Task details: Pull out of the data below the stretch of lines bounded by the one containing "220 Ennis Road Property Photo 7" and the one containing "Nhà 2 tầng mt", both bounds included, unchanged.

Information provided:
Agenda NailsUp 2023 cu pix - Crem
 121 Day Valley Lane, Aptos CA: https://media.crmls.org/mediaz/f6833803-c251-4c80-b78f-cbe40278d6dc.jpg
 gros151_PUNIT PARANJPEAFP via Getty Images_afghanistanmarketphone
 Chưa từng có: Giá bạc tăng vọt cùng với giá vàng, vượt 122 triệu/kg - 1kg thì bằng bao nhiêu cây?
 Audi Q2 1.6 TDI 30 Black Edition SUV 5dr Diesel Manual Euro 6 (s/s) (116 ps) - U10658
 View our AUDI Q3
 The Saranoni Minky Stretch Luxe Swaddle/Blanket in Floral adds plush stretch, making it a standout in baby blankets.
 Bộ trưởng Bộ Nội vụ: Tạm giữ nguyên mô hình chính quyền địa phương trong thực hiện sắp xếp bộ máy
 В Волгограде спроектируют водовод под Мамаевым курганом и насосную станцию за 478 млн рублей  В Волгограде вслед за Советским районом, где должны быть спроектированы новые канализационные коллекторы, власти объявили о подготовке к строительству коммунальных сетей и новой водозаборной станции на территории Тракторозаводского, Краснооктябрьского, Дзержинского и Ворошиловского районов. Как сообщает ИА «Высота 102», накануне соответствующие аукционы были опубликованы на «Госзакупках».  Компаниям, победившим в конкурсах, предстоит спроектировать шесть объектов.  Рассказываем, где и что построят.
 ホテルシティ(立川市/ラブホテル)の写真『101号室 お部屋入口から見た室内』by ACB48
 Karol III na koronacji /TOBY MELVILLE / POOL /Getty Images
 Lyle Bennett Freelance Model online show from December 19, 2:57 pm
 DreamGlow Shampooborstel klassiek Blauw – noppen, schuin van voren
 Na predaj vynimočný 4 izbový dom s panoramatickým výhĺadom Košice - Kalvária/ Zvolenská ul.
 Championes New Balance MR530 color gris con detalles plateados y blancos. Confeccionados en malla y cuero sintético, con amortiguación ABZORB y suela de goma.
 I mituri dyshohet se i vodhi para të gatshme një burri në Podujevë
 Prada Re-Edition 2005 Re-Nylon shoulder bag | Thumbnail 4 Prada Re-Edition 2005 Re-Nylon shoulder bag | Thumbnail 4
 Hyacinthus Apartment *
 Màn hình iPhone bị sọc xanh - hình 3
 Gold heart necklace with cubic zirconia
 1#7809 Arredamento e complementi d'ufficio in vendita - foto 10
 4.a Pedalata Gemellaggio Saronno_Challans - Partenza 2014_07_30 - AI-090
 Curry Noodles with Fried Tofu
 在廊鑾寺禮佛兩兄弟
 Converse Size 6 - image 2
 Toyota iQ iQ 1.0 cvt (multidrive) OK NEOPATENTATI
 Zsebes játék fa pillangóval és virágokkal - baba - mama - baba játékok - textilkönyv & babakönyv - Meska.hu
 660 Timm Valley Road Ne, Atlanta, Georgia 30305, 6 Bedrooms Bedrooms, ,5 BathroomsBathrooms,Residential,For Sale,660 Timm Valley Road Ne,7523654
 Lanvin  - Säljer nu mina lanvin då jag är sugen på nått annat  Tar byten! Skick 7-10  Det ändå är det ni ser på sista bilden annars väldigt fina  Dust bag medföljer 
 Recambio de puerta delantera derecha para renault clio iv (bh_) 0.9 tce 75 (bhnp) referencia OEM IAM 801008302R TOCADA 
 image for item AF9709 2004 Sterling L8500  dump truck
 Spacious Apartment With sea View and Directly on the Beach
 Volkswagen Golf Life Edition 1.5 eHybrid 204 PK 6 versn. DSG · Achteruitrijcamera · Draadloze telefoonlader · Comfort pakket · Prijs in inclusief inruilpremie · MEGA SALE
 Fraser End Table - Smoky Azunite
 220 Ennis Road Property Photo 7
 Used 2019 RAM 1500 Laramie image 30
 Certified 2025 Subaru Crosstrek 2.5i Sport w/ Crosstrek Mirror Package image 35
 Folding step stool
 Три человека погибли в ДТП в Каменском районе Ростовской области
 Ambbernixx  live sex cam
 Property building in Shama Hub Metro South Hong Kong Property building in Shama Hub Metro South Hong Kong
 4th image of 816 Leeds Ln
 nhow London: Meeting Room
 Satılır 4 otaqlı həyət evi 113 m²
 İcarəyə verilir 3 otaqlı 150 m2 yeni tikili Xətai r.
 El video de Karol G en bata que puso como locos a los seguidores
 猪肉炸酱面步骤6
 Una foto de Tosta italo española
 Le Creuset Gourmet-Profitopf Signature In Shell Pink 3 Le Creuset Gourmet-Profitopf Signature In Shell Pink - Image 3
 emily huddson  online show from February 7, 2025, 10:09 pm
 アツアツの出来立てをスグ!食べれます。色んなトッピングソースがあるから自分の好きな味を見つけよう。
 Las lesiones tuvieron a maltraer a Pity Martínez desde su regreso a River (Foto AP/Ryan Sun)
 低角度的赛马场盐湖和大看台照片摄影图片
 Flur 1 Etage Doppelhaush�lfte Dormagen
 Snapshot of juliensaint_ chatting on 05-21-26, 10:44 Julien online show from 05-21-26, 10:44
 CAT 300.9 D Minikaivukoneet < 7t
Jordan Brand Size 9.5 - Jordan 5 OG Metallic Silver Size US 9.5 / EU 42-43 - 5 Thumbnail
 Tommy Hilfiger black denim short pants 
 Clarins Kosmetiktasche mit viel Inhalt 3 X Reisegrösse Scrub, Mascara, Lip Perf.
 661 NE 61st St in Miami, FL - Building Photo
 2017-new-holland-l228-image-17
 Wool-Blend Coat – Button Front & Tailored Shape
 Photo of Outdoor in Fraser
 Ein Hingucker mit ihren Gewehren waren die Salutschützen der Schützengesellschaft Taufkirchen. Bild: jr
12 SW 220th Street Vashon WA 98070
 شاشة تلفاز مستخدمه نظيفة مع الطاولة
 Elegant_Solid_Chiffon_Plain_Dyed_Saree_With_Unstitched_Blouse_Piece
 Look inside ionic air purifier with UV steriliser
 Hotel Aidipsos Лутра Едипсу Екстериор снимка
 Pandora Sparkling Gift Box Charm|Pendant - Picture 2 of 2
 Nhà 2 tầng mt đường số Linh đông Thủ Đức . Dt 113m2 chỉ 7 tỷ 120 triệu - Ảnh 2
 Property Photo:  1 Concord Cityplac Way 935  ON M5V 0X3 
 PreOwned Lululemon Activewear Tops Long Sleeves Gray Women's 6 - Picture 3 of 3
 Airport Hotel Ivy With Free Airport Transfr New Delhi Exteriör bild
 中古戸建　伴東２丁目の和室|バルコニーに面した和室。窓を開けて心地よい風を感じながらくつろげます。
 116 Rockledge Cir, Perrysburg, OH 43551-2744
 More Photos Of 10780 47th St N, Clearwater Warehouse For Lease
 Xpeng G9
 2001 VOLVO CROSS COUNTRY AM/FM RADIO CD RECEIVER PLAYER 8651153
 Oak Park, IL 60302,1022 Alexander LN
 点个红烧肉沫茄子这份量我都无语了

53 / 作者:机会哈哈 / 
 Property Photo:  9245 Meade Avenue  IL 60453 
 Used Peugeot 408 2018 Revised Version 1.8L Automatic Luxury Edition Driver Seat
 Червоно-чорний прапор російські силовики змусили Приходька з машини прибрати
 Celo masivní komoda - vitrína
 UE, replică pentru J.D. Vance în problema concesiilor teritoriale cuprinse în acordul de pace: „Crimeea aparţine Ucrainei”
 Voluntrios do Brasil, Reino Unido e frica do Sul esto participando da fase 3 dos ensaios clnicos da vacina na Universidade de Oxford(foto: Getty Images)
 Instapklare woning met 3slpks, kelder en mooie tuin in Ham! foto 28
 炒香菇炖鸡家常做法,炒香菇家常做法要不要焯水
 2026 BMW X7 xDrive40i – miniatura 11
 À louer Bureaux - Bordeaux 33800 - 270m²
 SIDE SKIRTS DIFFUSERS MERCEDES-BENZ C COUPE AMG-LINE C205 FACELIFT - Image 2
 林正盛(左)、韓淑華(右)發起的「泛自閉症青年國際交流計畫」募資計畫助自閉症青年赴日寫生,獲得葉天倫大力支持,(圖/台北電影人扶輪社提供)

Response for this exercise:
 220 Ennis Road Property Photo 7
 Used 2019 RAM 1500 Laramie image 30
 Certified 2025 Subaru Crosstrek 2.5i Sport w/ Crosstrek Mirror Package image 35
 Folding step stool
 Три человека погибли в ДТП в Каменском районе Ростовской области
 Ambbernixx  live sex cam
 Property building in Shama Hub Metro South Hong Kong Property building in Shama Hub Metro South Hong Kong
 4th image of 816 Leeds Ln
 nhow London: Meeting Room
 Satılır 4 otaqlı həyət evi 113 m²
 İcarəyə verilir 3 otaqlı 150 m2 yeni tikili Xətai r.
 El video de Karol G en bata que puso como locos a los seguidores
 猪肉炸酱面步骤6
 Una foto de Tosta italo española
 Le Creuset Gourmet-Profitopf Signature In Shell Pink 3 Le Creuset Gourmet-Profitopf Signature In Shell Pink - Image 3
 emily huddson  online show from February 7, 2025, 10:09 pm
 アツアツの出来立てをスグ!食べれます。色んなトッピングソースがあるから自分の好きな味を見つけよう。
 Las lesiones tuvieron a maltraer a Pity Martínez desde su regreso a River (Foto AP/Ryan Sun)
 低角度的赛马场盐湖和大看台照片摄影图片
 Flur 1 Etage Doppelhaush�lfte Dormagen
 Snapshot of juliensaint_ chatting on 05-21-26, 10:44 Julien online show from 05-21-26, 10:44
 CAT 300.9 D Minikaivukoneet < 7t
Jordan Brand Size 9.5 - Jordan 5 OG Metallic Silver Size US 9.5 / EU 42-43 - 5 Thumbnail
 Tommy Hilfiger black denim short pants 
 Clarins Kosmetiktasche mit viel Inhalt 3 X Reisegrösse Scrub, Mascara, Lip Perf.
 661 NE 61st St in Miami, FL - Building Photo
 2017-new-holland-l228-image-17
 Wool-Blend Coat – Button Front & Tailored Shape
 Photo of Outdoor in Fraser
 Ein Hingucker mit ihren Gewehren waren die Salutschützen der Schützengesellschaft Taufkirchen. Bild: jr
12 SW 220th Street Vashon WA 98070
 شاشة تلفاز مستخدمه نظيفة مع الطاولة
 Elegant_Solid_Chiffon_Plain_Dyed_Saree_With_Unstitched_Blouse_Piece
 Look inside ionic air purifier with UV steriliser
 Hotel Aidipsos Лутра Едипсу Екстериор снимка
 Pandora Sparkling Gift Box Charm|Pendant - Picture 2 of 2
 Nhà 2 tầng mt đường số Linh đông Thủ Đức . Dt 113m2 chỉ 7 tỷ 120 triệu - Ảnh 2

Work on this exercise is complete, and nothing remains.